= Enlightener Prize =

Award

The Enlightener Prize for Russian-language non-fiction literature ("Prosvetitel"; Премия в области
литературы нон-фикшн «Просветитель») is a literary prize created by the Dynasty Foundation in 2008 by Dmitry Zimin. After the Dynasty Foundation was closed, the project was being supported by the Zimin Foundation. After that project received financial independence.

The Enlightener Prize has made a significant contribution to popularizing non-fiction literature in Russia and became the first award in this field. It focuses not only on the monetary prize, but also on informational support for the laureates. The award's key mission is to introduce readers to the best educational books and draw attention to the non-fiction genre itself.

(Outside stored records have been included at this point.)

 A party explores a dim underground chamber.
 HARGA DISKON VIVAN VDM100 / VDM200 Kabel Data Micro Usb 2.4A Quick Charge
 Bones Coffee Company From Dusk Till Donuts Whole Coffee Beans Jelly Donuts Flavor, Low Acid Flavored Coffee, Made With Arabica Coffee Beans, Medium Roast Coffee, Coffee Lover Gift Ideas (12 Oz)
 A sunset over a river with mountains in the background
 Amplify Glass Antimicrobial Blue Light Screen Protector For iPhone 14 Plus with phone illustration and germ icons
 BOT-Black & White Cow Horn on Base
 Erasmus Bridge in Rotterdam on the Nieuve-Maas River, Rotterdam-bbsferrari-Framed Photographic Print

The prize is 720,000 rubles (approximately $11,386 as of July 2019), authors of the short-listed books will receive 120,000 rubles ($1,900), and publishers of the winning books will receive 130,000 rubles ($2,000) for promoting the books in the market. The purpose of the Prize is to support Russian-speaking scientists and technical writers, who are able to talk simply about the newest discoveries and research.

The third Thursday of November is officially considered Enlightener Day and that is when the ceremony takes place every year.

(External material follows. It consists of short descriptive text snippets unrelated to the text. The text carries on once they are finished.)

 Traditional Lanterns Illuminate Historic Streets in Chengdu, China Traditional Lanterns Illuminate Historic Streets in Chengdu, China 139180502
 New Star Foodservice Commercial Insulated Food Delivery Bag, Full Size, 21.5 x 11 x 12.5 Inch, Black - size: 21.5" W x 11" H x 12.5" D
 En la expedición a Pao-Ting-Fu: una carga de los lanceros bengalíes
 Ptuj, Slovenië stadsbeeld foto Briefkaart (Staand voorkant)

The 2014 jury was led by the critic Alexander F. Gavrilov.

== Award process ==
Over 150 books are submitted into the competition every year. The Organizing Committee creates a list of 25 works in two categories: Humanities and Natural and Exact Sciences. Topics include ideas, theories, interesting facts, and new discoveries, and they have to be at least 30,000 words. The application must be accompanied by a document which confirms that the author agrees with their participation in the competition, and each book or manuscript can be submitted only once. After that, an independent jury selects 8 short-listed books. A book nominated for the prize must be written in Russian

The Enlightener Prize Council was created in 2012, and it includes jury members, former finalists and authors. Their role is to assist the organizing committee in nominating and evaluating the books submitted.